## Aim of the task
Reproduce nothing beyond the line containing "Immagine 9/43 di". From the first line of the data below down to it, copy each line exactly, without the pictures.

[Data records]

#####

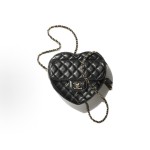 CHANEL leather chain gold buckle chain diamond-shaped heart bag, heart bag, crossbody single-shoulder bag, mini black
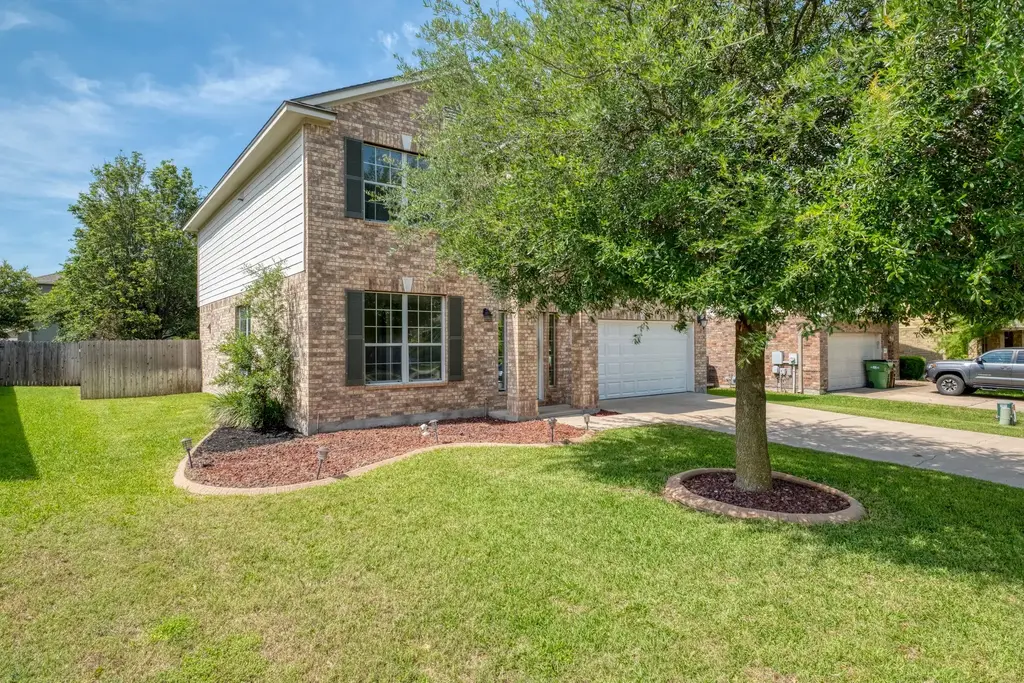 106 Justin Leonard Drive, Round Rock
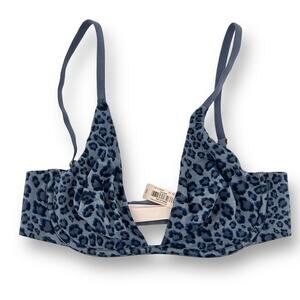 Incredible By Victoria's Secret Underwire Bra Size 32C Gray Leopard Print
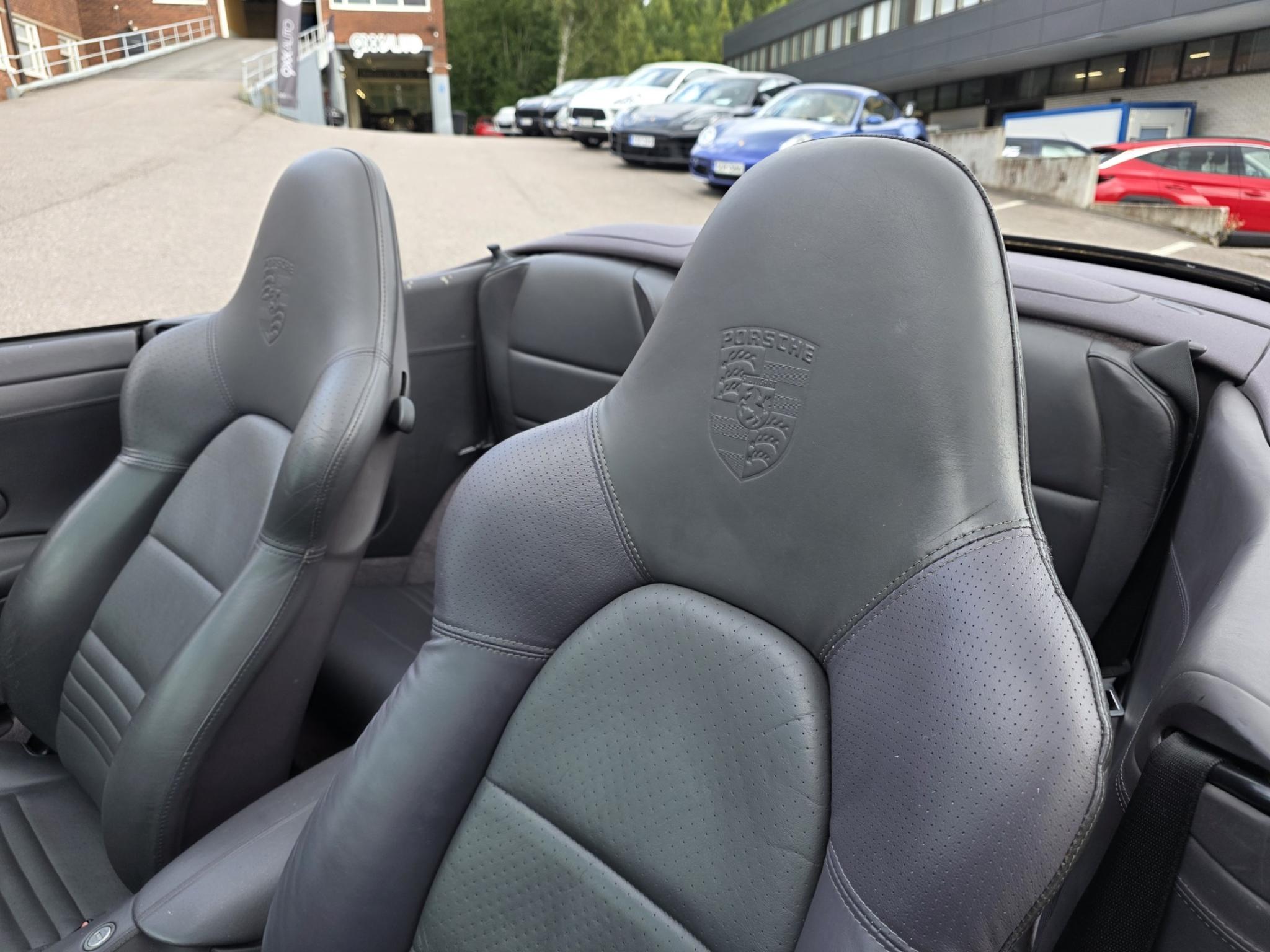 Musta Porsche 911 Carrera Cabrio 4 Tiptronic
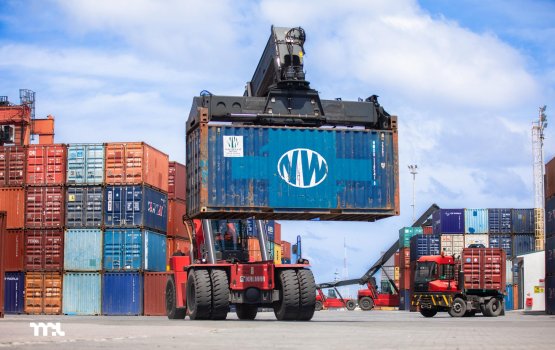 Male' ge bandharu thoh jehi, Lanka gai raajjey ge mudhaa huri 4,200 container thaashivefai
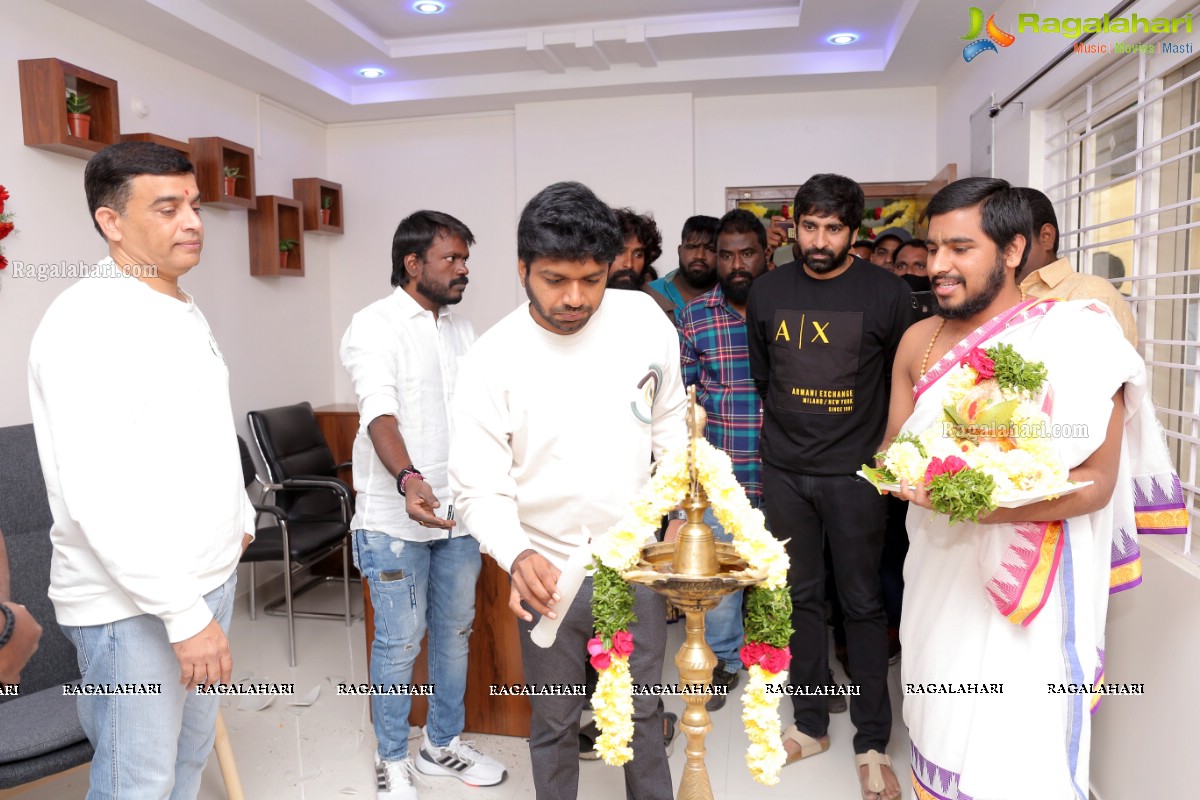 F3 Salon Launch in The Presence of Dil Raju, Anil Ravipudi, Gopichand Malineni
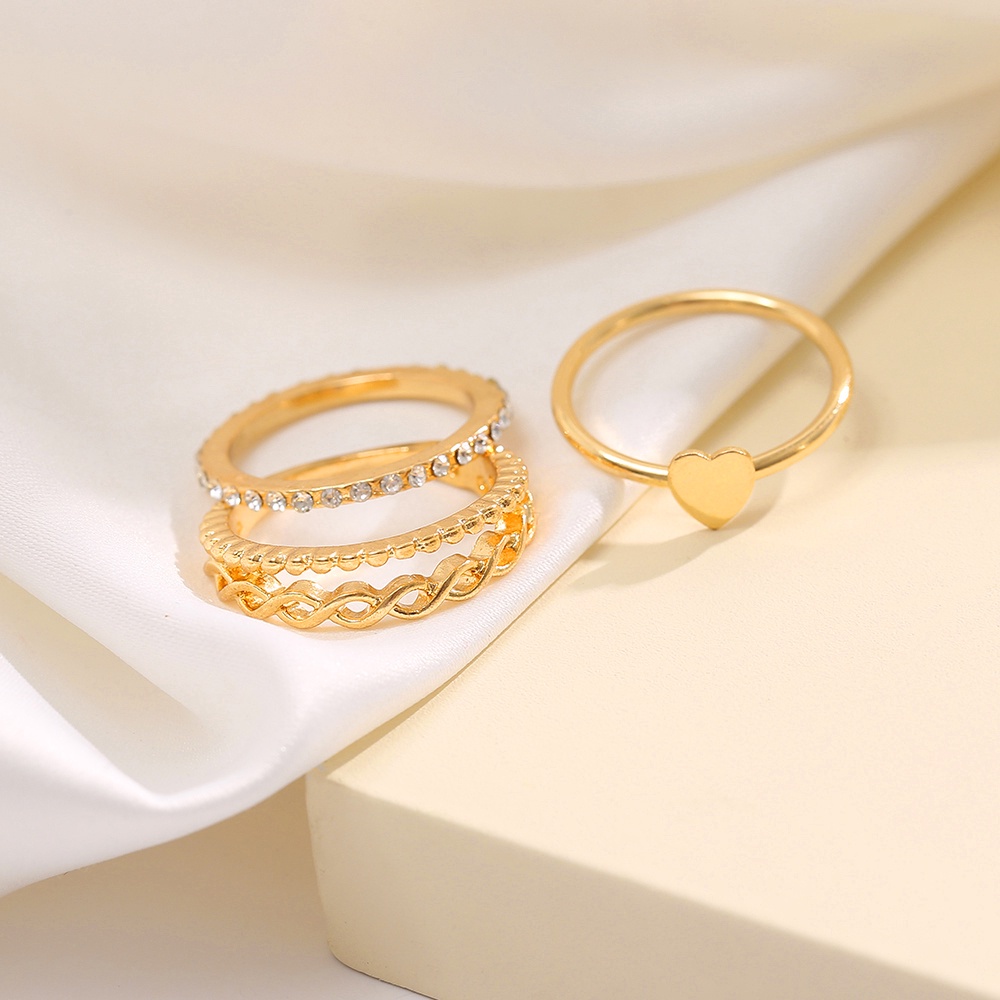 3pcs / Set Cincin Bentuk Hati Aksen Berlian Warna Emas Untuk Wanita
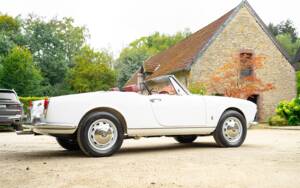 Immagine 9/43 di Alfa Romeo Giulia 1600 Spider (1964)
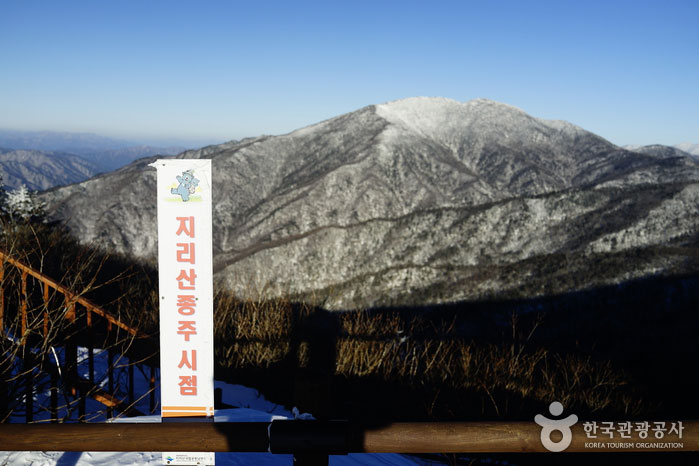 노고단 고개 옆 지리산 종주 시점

#####

## Problem solution
 CHANEL leather chain gold buckle chain diamond-shaped heart bag, heart bag, crossbody single-shoulder bag, mini black
 106 Justin Leonard Drive, Round Rock
 Incredible By Victoria's Secret Underwire Bra Size 32C Gray Leopard Print
 Musta Porsche 911 Carrera Cabrio 4 Tiptronic
 Male' ge bandharu thoh jehi, Lanka gai raajjey ge mudhaa huri 4,200 container thaashivefai
 F3 Salon Launch in The Presence of Dil Raju, Anil Ravipudi, Gopichand Malineni
 3pcs / Set Cincin Bentuk Hati Aksen Berlian Warna Emas Untuk Wanita
 Immagine 9/43 di Alfa Romeo Giulia 1600 Spider (1964)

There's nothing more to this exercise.